This is a C++ implementation of the lemac cryptographic hash by Augustin Bariant.
Lemac is very interesting because it utilizes AES hardware acceleration which is very common.
The AESNI implementation is based on the public domain code in https://github.com/AugustinBariant/Implementations_LeMac_PetitMac/ but has been heavily modified to use C++ and run clean with sanitizers.
The bulk speed on a single core is up to about
- 77 GiB/s, 0.067 cycles per byte (AMD zen 4, Debian 13 Trixie)
- 48 GiB/s (Apple M4 MacBook Air, macos)
- 11 GiB/s, 0.19 cycles per byte (raspberry pi 5, Ubuntu 24.04)

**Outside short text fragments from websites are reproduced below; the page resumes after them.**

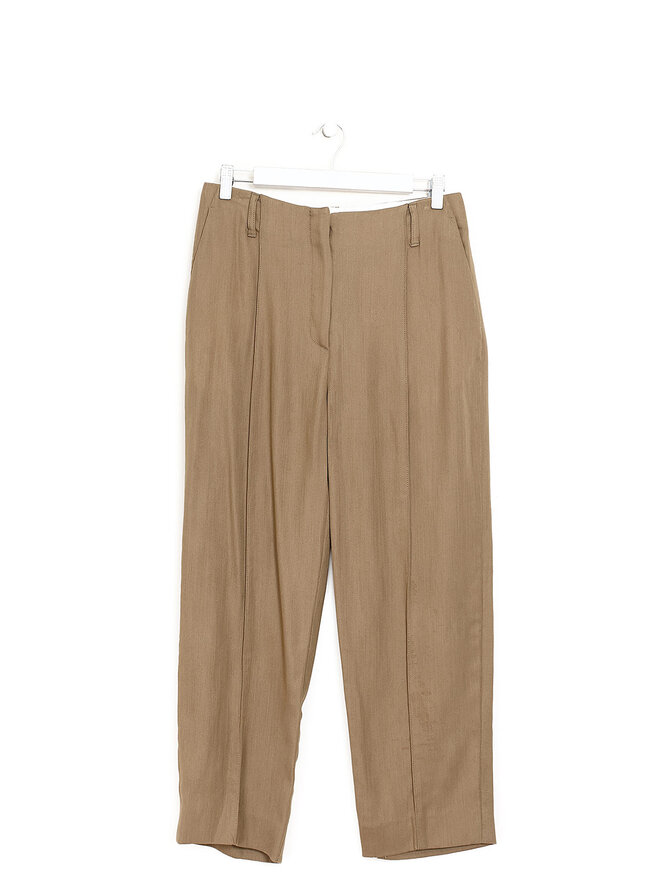 Acne Studios Pantalon Taille Haute Beige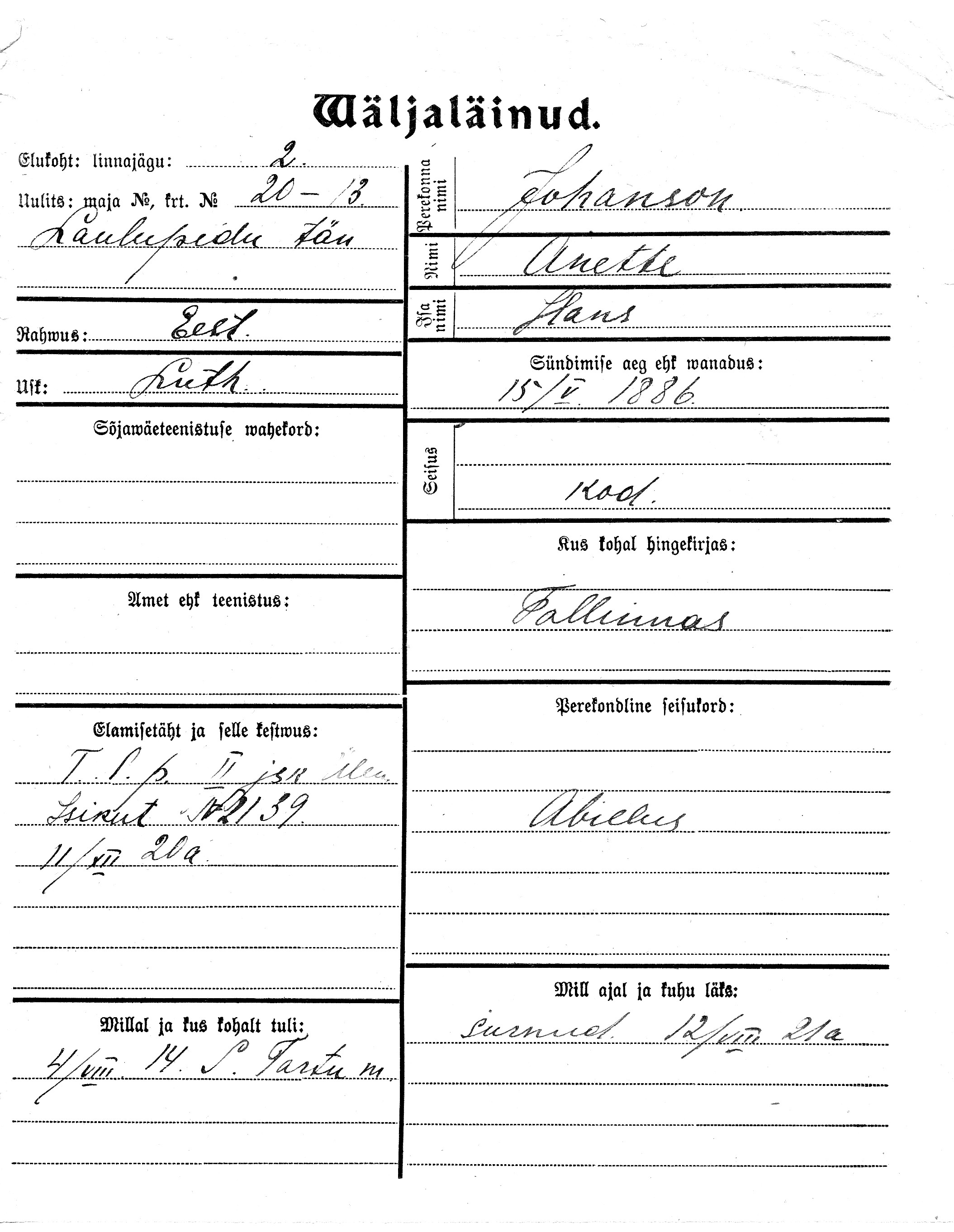 Johanson, Anette, Hans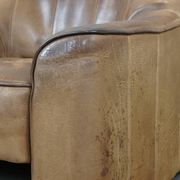 70s vintage buffalo leather design armchair from De Sede model DS44
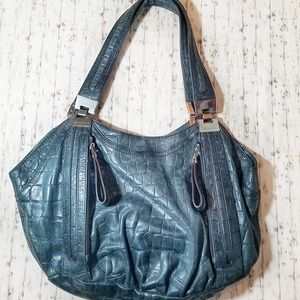 B. Makowsky Sage Green Supple Leather Purse EUC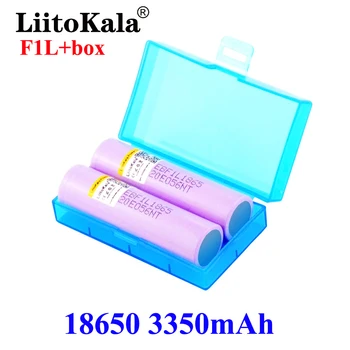 LiitoKala Nový, Originálny F1L 3,7 v 3400mah 18650 3350mAh Lítiová Nabíjateľná Batéria Baterka batériami, box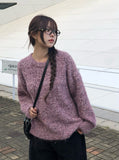Earls Bokashi Round Thick Loose Fit Knit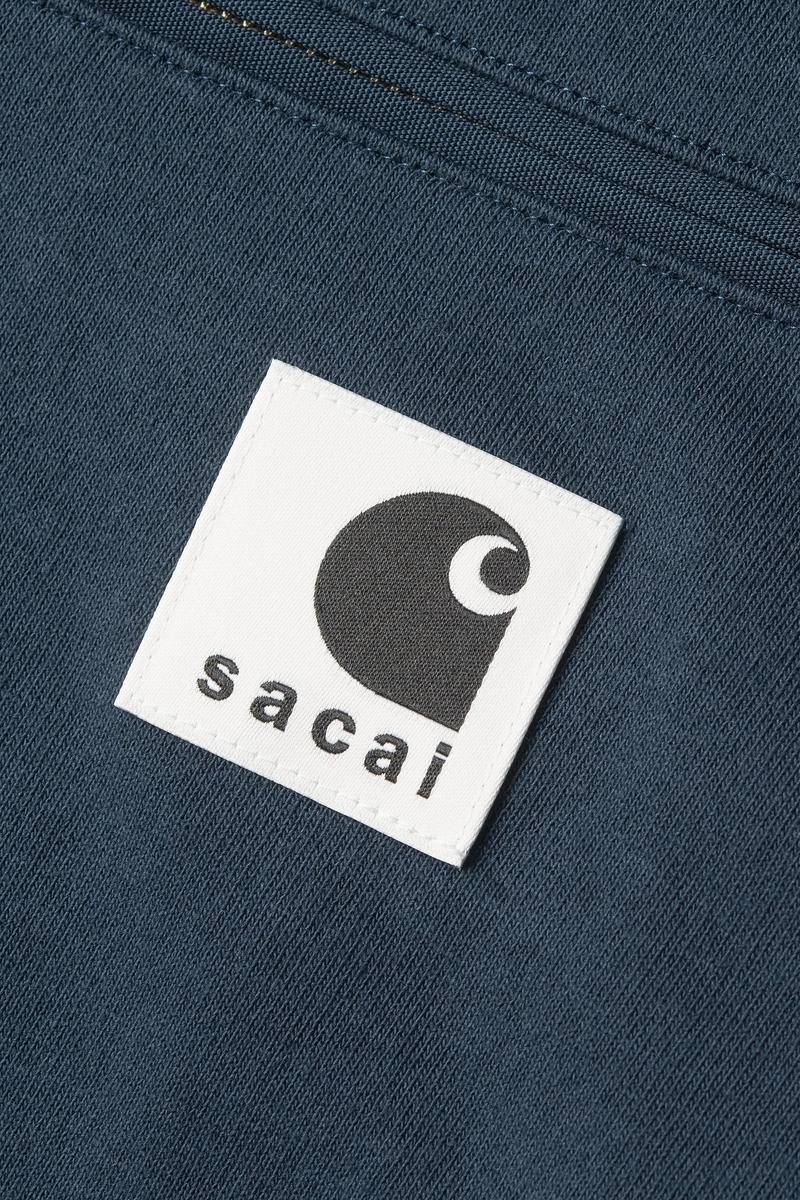Carhartt sacai x WIP Cotton Jersey T-Shirt - Sacai-Blau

The speed is measured with the included benchmark and using perf stat
to get the average clock frequency during the test. To build and run the benchmark:
cmake -B build-release -S . -DCMAKE_BUILD_TYPE=Release
cmake --build build-release
build-release/benchmark/benchmark
The cost of the hash is divided into
- Initialization (cost is roughly equivalent to hashing 5 kB of extra data)
- Hashing
- Finalization (cost is roughly equivalent to hashing 2 kB of extra data)
The initialization cost can mostly be avoided by either reusing an existing hasher object (using .reset()
followed by .update()
and .finalize()
) or simply instantiate one object and copy it before each hash operation.
If all data to be hashed is known up front, the oneshot()
function is more efficient to use than update()
followed by finalize()
.
Measurements on an AMD Ryzen 9 7950X3D:
- lemac 256 kB, oneshot 76.7 GiB/s (median of 5)
- lemac 1 MB, oneshot 74.3 GiB/s (median of 5)
- lemac 256 kB, update+finalize 76.6 GiB/s (median of 5)
- lemac 1 MB, update+finalize 74.3 GiB/s (median of 5)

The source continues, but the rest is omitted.